Left-A photo from my birth with Elizabeth. I felt isolated, alone, scared. Nathan felt as if he should touch me, but felt removed due to the machines, wires, procedures and a bed that feels like a cage. Right-A photo from my birth with Adaline. The human connection that I received during her birth will forever be remembered. I pull from those physical, human connections in times when offering myself to my children gets hard.
Left-Photos from the births of my first two children. While I am thankful for healthy children I do grieve over the first moments after their births. Having felt what human connection feels like when filled with the love hormone I recognize the disconnection that was present as I became a mother with my first two children. I’ll always remember the brief touch of my sons hand and watching my daughter across the room. In both circumstances the human connection that I was designed for was missing. Right-A photo with my daughters moments after giving birth to Adaline.
We felt safe, loved and as if time stood still. The level of human connection that we were allowed will forever change all of us. Birth has become something beautiful for my daughters to look forward to.
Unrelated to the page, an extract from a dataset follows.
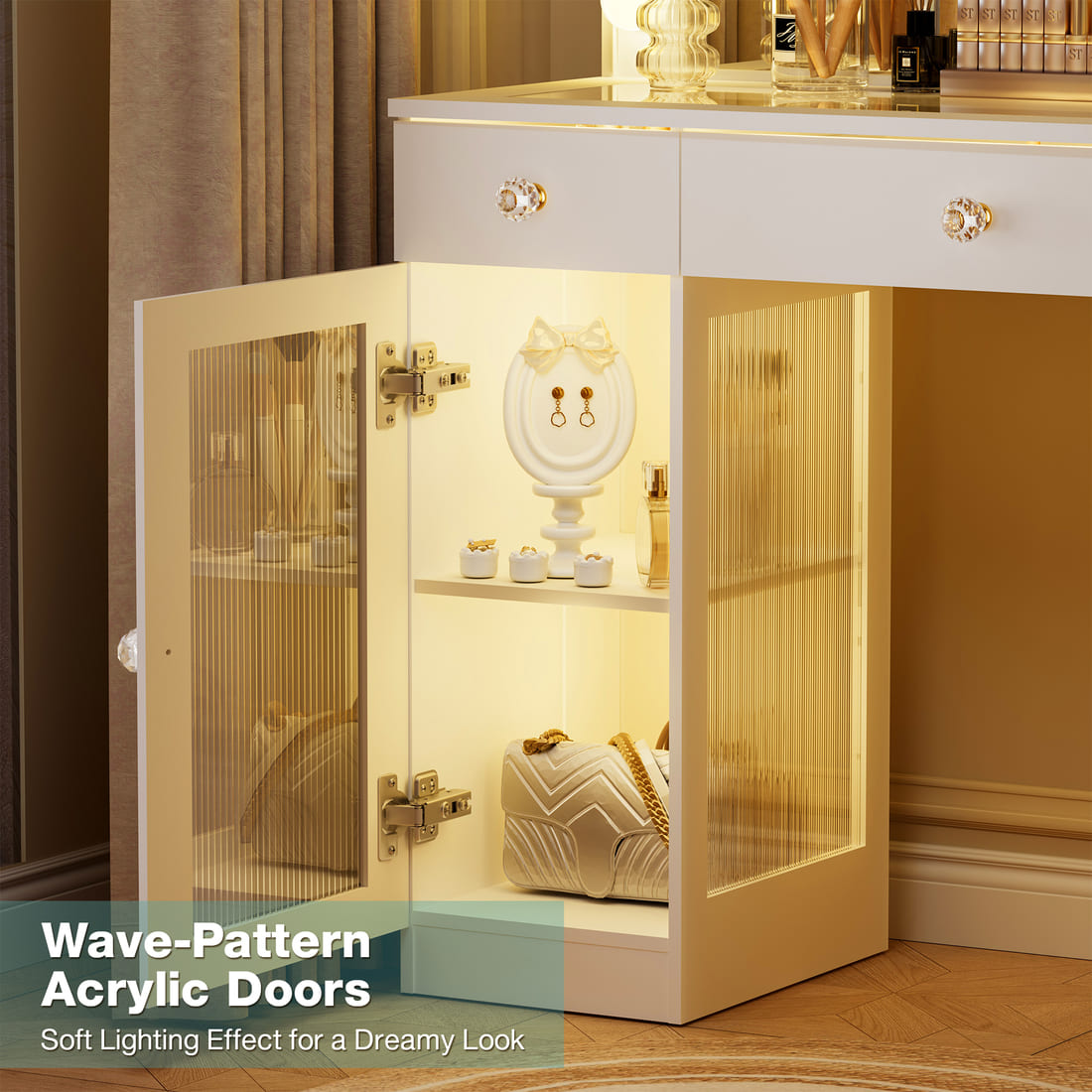 Makeup Vanity Desk with 12-Bulb Lighted Mirror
And I’m hopeful that they will use their birth experiences as a way to connect in deep, meaningful ways to those around them. To be filled with the love hormone and carry those experiences with them the rest of their lives.
“I’m more and more concerned with the economic values of such intangibles as affection, knowledge, and memory. A deep familiarity between a local community and the local landscape is a dear thing, just in human terms. It’s also, down the line, money in the bank because it helps you to preserve the working capital of the place.” Wendell Berry
We are meant to connect in ways that do not make sense in this overworked, overwhelmed world we live in. Authentic connection often means more physical work, less efficient methods and patience than we think we’re allowed-or have time for. When you think about it-we have come to a point where we prioritize a lot above the most basic, normal activities humans we’re designed for: food, birth, community. I admit that it’s something that I struggle with myself-EVERY SINGLE DAY. Perfection in the year 2014 may never be achieved, but if we are conscious of it we can do the work to allow as much humanity into our lives as possible. Choosing to replace a few items we purchase regularly from someone local. Learning their name and something personal about them. Identifying a few things we can cut out of our schedule so we can add in meaningful work, and cook more meals together. Research the ways our bodies were designed to work and pick at least a few to make a priority. Work hard for the things that matter most.
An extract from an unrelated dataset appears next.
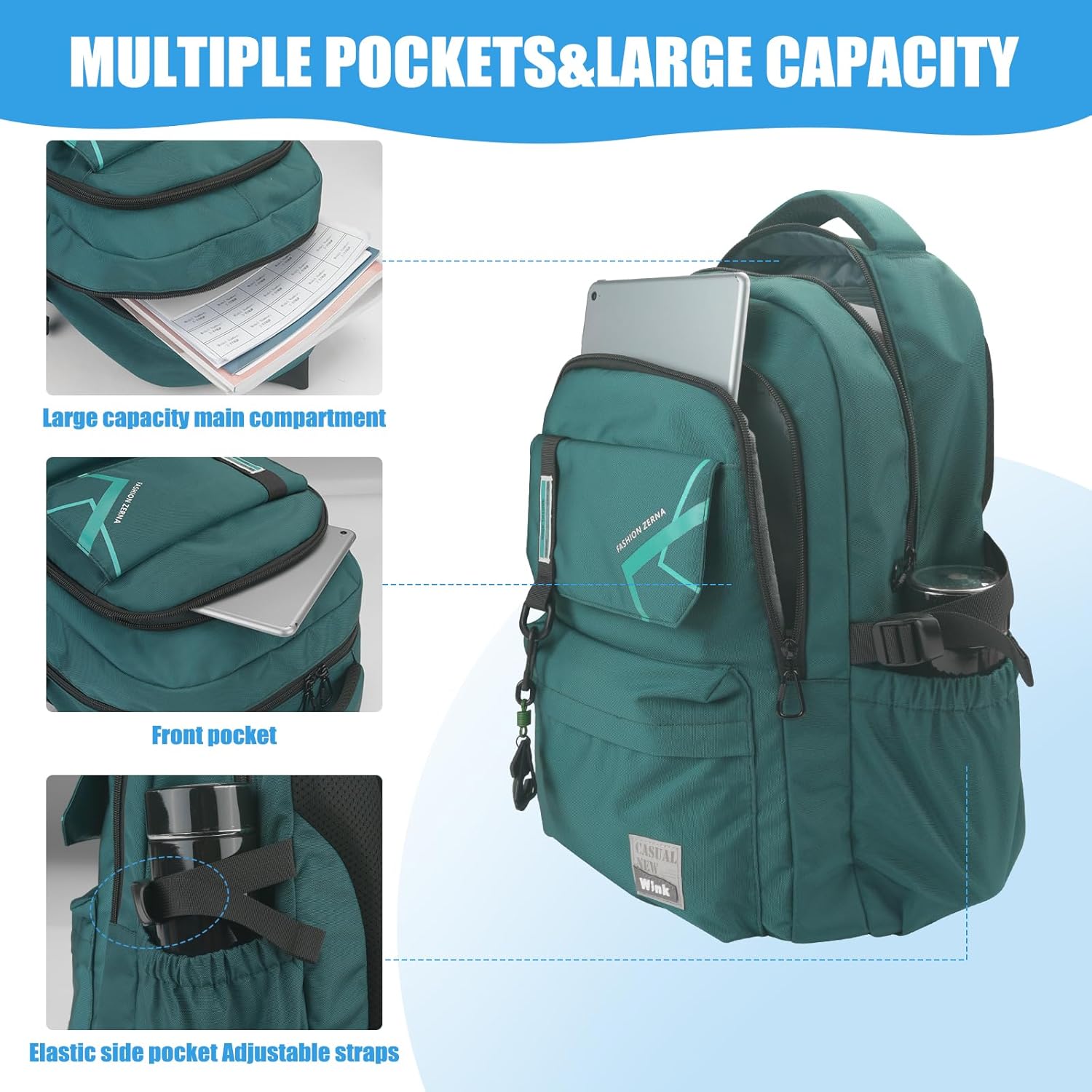 ZHIERNA School Backpack for Men, laptop backpack Elementary Middle High Bookbags for Teens Boys Waterproof Lightweight Casual Daypack(Dark Green) - Image 3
I’m concerned with food, birth and community because that is how I spend my days right now. Consider how you spend your days (and who you interact with) and how you may add more humanity to them. The most important thing is the feeling (compassion)-for one another and ourselves.
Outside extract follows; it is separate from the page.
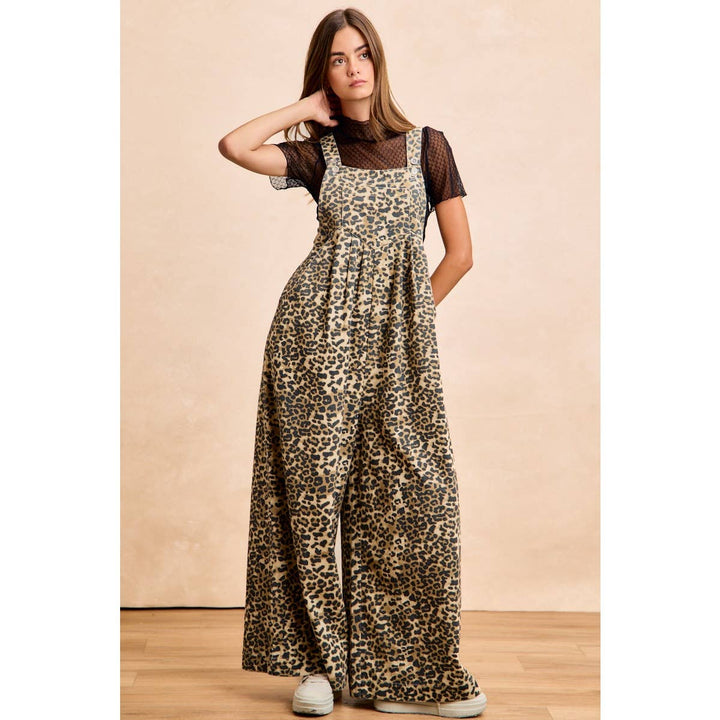 COTTON TWILL LEOPARD PRINT WIDE LEG OVERALLS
We are trying to teach this to our children as we often have to sacrifice play dates with other kids their age, trips to the park or library for hard work in the garden. We talk to them about enjoying the experience of hard work, learning from one another and the importance this plays in who they are now and who they will become. We’re thankful and blessed for all of the kind, loving people in our life who are on this journey with us.
**My thoughts on humanity are not meant to undermine the importance of modern medicine and technologies. I truly believe that the medical community has allowed us to find amazing ways to save lives. There is no denying that and I am thankful they are there if we need them. That said, I do believe that there is a thresh-hold that we’ve crossed. The moment that technology went from being a tool to use when needed to a common practice that has intervened with our ability to connect with one another–that was when the humanity of birth was lost.